I am working on 55 gsl drums now. 
Hope it works for you. Don't let anyone see you diggin!


----------



## springvalley (Jun 23, 2009)

InvalidID said:


> I honestly think it's a pretty good idea. I'd recommend a test run, try a bottle of everything you want to store and see how it does for the summer/fall.


Very good idea. > Marc


----------



## mnn2501 (Apr 2, 2008)

springvalley said:


> I wouldn`t think underground would be to good for dry gooods, maybe the attic would be better. put in storage totes with news paper crumpled up around them will sure enough keep them dry. > Marc


Attics in the south can get over 130F and stay that way all summer long - *NOT* a good place to store food.


----------



## AverageJo (Sep 24, 2010)

Here are a couple of ideas:

There was a thread on here somewhere about how to hide things in the open; like putting cans of food behind your books on the bookshelf, using the dead space between the floor and the bottom of your kitchen cabinets, putting in a false wall so you can store stuff in between the wall studs or under the stairs, packing a tote and mark it "kids toys" and then stack other boxes of kid stuff on top and around, things like that. Squashnut touched on it, too....

Instead of the thin plastic bottles, I'd try getting the gallon jars that food comes in from your local mom and pop restaurants. They sometimes get the huge pickles or mega mayo or mustard in them. Our local pizza joint saves their olive jars for us. Store your food in there and then put in an oxygen absorber. It will help seal the jar again and keep critters and moisture out.

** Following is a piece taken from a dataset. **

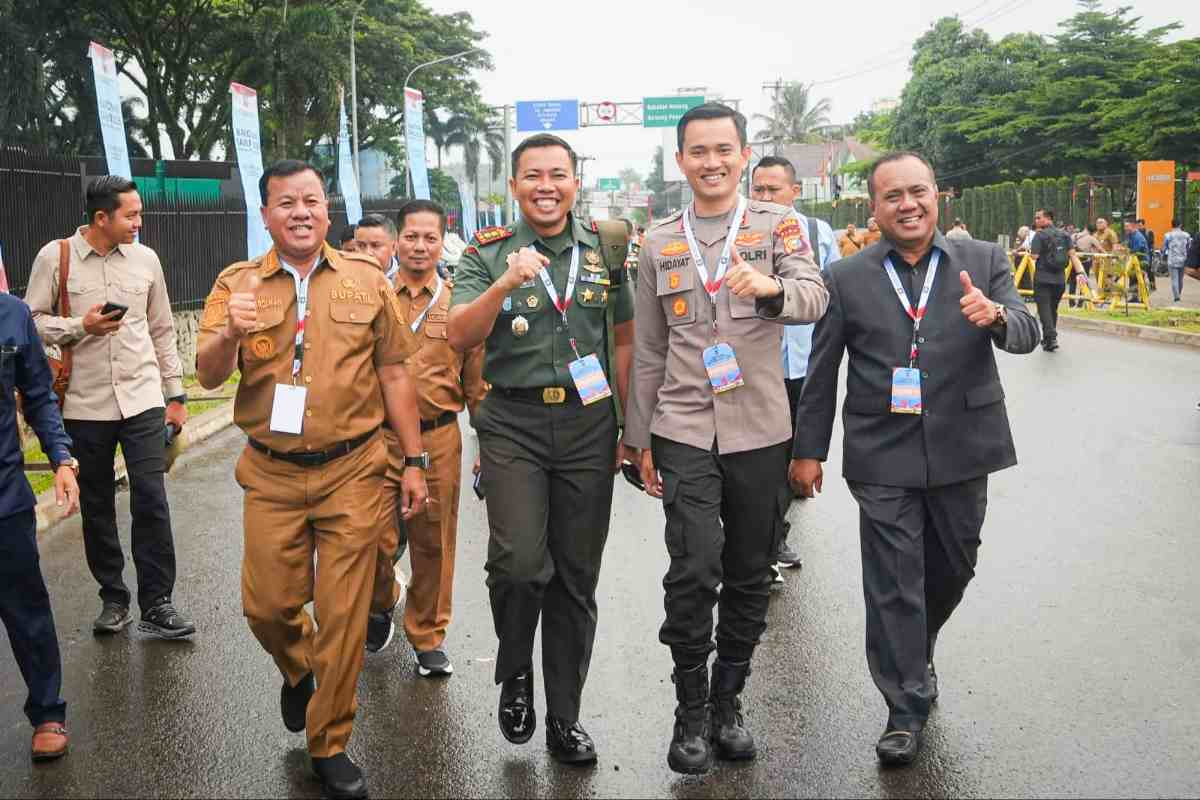 Bupati Suhardiman Amby Hadiri Rakornas 2026 di Sentul, Tekankan Sinkronisasi Pembangunan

Or go to your local bakery and get their frosting buckets. They have a pretty good seal on them and are thicker. They're also food grade and you can sometimes get them for free.

Just a couple more ideas.


----------



## Sanza (Sep 8, 2008)

I have a walk-in cellar built right into the side of a hill, far enough away from the house to not be noticeable, and that's perfect for what we're talking about. 
One question I have is the problem with mice chewing through plastic pails and barrels. I'd hate to contribute to feeding them with my preps!


----------



## whiterock (Mar 26, 2003)

MelTX, what part of the state are you in. That can make a big difference as to even digging. I'm on limestone here at the house. Digging ain't much of an option. Also what about fire ants getting in and filling the whole thing with their nests?
Ed


----------



## MelTX (Aug 25, 2009)

whiterock said:


> MelTX, what part of the state are you in. That can make a big difference as to even digging. I'm on limestone here at the house. Digging ain't much of an option. Also what about fire ants getting in and filling the whole thing with their nests?
> Ed


I'm in North Texas. Part of our land has white rock that can't be dug, but other parts are fine. Haven't had a problem with fire ants or any kind of insect getting into the freezers. Make sure that the seal is still good (not rotted). Most of the "food stuff" that I store underground is airtight/sealed (cans, jars). If you have concern about ants, put DE, Amdro or your "killer" of choice all around before burying. Don't know - but it might help! I got this idea from a blogger. He uses his chest as a root cellar for potatoes, etc. Not sure how that works.... seems like without the air circulation, they would rot, but I guess it works for him!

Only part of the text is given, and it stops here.